Rachit Misra

Posted on Mar 31

Your Shiny New Kafka Cluster is a Ticking Time Bomb

#kafka #softwaredevelopment #career #systemdesign

What nobody tells you about event-driven architecture until it’s 3 AM and your database is corrupted
A war story about distributed systems, offset commits, and the most expensive lesson of my engineering career.

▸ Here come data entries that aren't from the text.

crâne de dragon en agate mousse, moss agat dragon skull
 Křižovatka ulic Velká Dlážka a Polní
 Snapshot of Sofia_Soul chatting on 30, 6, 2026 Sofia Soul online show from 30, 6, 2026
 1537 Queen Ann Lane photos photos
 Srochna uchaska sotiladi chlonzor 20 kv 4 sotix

Everyone said Kafka would fix our feed latency.
They were right.
For exactly 31 days.
Then PagerDuty fired at 3:17 AM, consumer lag hit 2.4 million messages, and we discovered something that no architecture diagram had ever shown us — Kafka doesn’t care about your database state. It just delivers. Faithfully. Mercilessly.
This is that story.

The Setup — How We Got Here
Q3. Product team screaming for faster feeds. Our engineering lead had just come back from a conference. Someone in the architecture meeting said the word Kafka.
The room lit up. Senior engineers nodded. Someone opened a laptop and pulled up the Confluent documentation.
We had a simple Redis-based event queue that was “too slow.” Our P99 latency was 800ms on feed generation. Product wanted 200ms. Kafka promised sub-100ms. The decision felt obvious.
Three weeks later, we shipped it. Latency dropped to 80ms. The product team celebrated. Engineering celebrated. We had graphs going the right direction.
We had no idea what we’d just invited into our system.

What Kafka Actually Is
Before we get to the 3 AM incident, let’s talk about what Kafka actually is — because most teams get this wrong before they write a single line of code.
Kafka is not a message queue.
This is the most dangerous misconception in distributed systems today. When engineers hear “message queue,” they think: send a message, someone receives it, it’s gone. Like an email inbox.
Kafka is a distributed commit log.
Every event is written to a log. The log is partitioned across brokers. Each partition is an ordered, immutable sequence of records. Consumers read from the log at their own pace, tracked by an offset — a pointer to their position in the log.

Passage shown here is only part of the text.